Loosen the lug bolts, lift car and remove wheel. Remove lower caliper bolt and swing cage out of the way. Compress pistions back into place before going any further. Remove old pads. (her is where the fun begins) In the bgx you have 4 pads and 8 shims plus two packets of goo, one charcoal and the other gold. The charcoal stuff is a rubberized material that goes directly on the steel side of the pad. Then you apply the black shim, then apply three pea size dollops of the gold stuff then the silver or gold smooth shim. Here is the rub, before applying the goo pre-fit the shims. Notice they are not the same size. This is due to the different placement of the squealer. Inside pad, outside pad. Once you pre-fit the shim, remove the shims one pad at a time and add goo in the order mentioned earlier. To install the pads note which is inside and which is outside, squealer goes down. (I installed new clips to ensure proper operation of new pads.) Install new pad clips. To install pads have the squealer side down and insert it at an angle so the squealer is on the disk side of the cage. Push pad down while at the same time holding the inside of the clip out of the way. PITA. Do the same for the opposite side while holding the pad you just installed or it will pop out of place. Again PITA. Once pads are in place pivot the caliper back into position, lube or do not lube bolt and tighten into place.

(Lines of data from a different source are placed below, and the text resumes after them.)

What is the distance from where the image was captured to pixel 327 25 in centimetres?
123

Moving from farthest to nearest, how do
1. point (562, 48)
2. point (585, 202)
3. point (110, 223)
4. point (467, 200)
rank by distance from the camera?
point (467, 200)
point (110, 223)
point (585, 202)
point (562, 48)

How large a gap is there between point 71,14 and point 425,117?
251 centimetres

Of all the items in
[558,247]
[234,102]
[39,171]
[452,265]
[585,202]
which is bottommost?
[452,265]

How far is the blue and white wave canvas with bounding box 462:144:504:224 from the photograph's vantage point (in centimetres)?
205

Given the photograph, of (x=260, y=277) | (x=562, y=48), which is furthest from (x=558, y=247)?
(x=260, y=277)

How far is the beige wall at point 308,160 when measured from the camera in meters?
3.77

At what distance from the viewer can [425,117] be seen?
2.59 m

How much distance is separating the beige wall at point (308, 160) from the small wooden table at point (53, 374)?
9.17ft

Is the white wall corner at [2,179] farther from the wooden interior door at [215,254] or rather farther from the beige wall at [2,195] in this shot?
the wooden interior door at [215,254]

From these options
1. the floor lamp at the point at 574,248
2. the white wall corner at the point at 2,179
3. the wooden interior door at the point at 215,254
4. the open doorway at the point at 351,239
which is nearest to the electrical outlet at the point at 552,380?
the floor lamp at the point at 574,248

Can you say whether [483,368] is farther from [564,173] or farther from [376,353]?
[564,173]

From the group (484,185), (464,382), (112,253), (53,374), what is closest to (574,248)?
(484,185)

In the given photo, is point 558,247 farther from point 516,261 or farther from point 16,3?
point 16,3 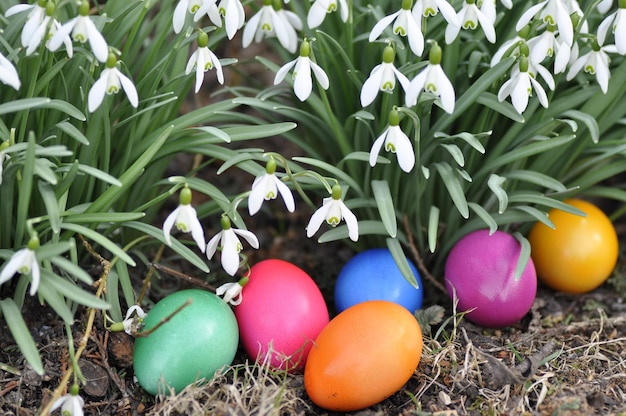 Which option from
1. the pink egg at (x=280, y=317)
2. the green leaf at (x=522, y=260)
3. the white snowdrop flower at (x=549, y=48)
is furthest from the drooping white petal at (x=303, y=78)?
the green leaf at (x=522, y=260)

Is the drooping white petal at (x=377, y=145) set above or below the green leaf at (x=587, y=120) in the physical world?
above

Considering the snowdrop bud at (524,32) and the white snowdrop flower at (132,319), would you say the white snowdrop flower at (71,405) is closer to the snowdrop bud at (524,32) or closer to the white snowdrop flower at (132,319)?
the white snowdrop flower at (132,319)

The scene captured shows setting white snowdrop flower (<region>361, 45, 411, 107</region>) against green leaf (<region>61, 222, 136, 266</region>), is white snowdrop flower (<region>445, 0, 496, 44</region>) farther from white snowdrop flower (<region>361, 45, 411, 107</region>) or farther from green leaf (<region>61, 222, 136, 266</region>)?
green leaf (<region>61, 222, 136, 266</region>)

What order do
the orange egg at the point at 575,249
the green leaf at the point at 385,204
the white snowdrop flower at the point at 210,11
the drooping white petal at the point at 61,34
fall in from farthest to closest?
the orange egg at the point at 575,249, the green leaf at the point at 385,204, the white snowdrop flower at the point at 210,11, the drooping white petal at the point at 61,34

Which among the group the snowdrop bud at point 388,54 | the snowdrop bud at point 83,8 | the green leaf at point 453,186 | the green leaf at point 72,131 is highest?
the snowdrop bud at point 83,8

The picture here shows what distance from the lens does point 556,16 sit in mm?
1889

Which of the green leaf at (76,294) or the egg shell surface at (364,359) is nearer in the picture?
the green leaf at (76,294)

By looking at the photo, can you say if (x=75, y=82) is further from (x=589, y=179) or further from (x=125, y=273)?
(x=589, y=179)

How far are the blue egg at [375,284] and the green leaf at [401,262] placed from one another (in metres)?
0.06

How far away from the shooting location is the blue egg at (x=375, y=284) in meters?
2.10

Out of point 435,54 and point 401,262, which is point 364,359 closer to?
point 401,262

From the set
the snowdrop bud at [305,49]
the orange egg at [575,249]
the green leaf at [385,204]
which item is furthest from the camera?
the orange egg at [575,249]

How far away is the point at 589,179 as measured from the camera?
2.34 m

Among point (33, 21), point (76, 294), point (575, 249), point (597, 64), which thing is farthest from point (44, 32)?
point (575, 249) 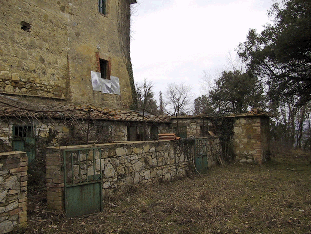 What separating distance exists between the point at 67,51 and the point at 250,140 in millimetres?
10870

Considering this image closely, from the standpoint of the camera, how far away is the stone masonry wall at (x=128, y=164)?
18.2 feet

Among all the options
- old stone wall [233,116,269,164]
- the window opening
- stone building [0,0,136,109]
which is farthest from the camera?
old stone wall [233,116,269,164]

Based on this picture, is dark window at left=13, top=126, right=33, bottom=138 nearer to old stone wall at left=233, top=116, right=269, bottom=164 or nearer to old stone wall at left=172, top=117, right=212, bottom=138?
old stone wall at left=172, top=117, right=212, bottom=138

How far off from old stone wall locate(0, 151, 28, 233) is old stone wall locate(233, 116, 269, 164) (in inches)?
442

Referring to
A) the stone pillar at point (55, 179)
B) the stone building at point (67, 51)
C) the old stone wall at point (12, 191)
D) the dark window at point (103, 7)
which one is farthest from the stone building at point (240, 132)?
the old stone wall at point (12, 191)

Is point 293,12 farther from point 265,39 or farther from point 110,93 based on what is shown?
point 110,93

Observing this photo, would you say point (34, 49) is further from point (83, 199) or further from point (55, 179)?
point (83, 199)

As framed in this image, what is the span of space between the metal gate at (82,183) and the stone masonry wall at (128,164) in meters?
0.14

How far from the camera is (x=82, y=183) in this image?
5.66 m

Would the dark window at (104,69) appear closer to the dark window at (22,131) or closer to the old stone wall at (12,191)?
the dark window at (22,131)

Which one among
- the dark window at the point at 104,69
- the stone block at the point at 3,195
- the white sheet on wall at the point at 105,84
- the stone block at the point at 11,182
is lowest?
the stone block at the point at 3,195

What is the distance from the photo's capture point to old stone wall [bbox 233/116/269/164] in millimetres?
13180

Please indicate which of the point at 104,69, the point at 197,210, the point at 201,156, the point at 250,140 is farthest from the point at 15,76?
the point at 250,140

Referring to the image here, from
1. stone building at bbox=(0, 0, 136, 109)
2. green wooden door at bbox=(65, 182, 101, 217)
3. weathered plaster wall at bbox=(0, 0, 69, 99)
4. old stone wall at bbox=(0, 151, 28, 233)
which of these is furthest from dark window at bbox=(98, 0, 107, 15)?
old stone wall at bbox=(0, 151, 28, 233) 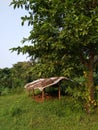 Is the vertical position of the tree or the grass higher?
the tree

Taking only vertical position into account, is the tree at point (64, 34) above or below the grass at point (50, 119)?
above

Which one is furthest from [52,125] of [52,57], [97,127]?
[52,57]

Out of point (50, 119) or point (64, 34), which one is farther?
point (50, 119)

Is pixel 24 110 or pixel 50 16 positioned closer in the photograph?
pixel 50 16

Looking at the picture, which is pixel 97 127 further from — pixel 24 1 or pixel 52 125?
pixel 24 1

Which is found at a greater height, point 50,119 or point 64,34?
point 64,34

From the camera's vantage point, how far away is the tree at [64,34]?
44.4ft

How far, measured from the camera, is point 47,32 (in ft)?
47.0

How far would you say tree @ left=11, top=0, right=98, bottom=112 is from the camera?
13539 millimetres

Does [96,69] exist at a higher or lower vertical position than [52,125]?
higher

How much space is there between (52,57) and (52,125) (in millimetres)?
3221

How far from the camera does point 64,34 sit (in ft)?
44.3

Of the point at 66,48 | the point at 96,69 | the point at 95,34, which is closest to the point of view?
the point at 95,34

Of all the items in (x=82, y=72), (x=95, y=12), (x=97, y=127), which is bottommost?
(x=97, y=127) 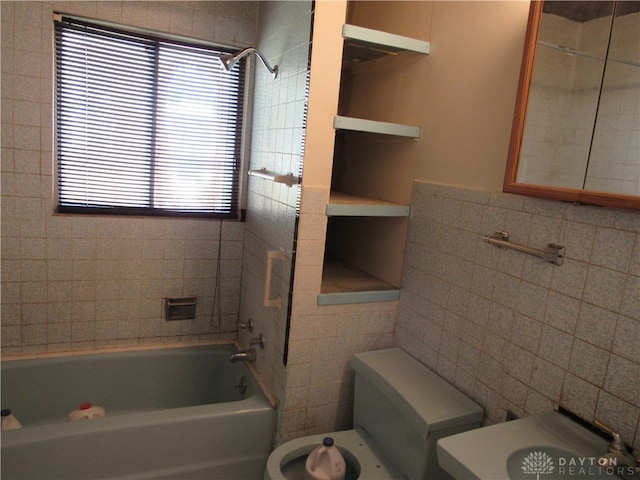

Yes kids this took me two hours to do half the car. Note the short cuts and lessons learned, it will cut your time by 1/3. I hope this helps.
 
#51 ·
For those that are doing their own brakes for the first time and you order the complete brake kit from subaru here is the deal. The complete brake kit comes with a small box for the rear and a large box for the front. The front includes shims, two types of shim goo and pad caliper clips. The rear box just has pad no shim.
Slaphappy, thanks for your review. Very helpful for the day I do mine. Curious if you bought your brake kit at your dealer or online from maybe subaruonlineparts.com. No discount pricing from my dealer so thinking of the online route. Lots of 3rd party sellers but hesitate. Their pricing is all over the place some starting at $17 for a pair which makes me nervous.
 
#49 ·
As a DIYer I have one thing to add.. when compressing the brake pistons open up your bleeder valve and push the old funky fluid that resides in your caliper out. You really don't want to push that fluid back up into your system..

I destroyed an ABS unit on a Land Rover pushing fluid upline.. never do it again.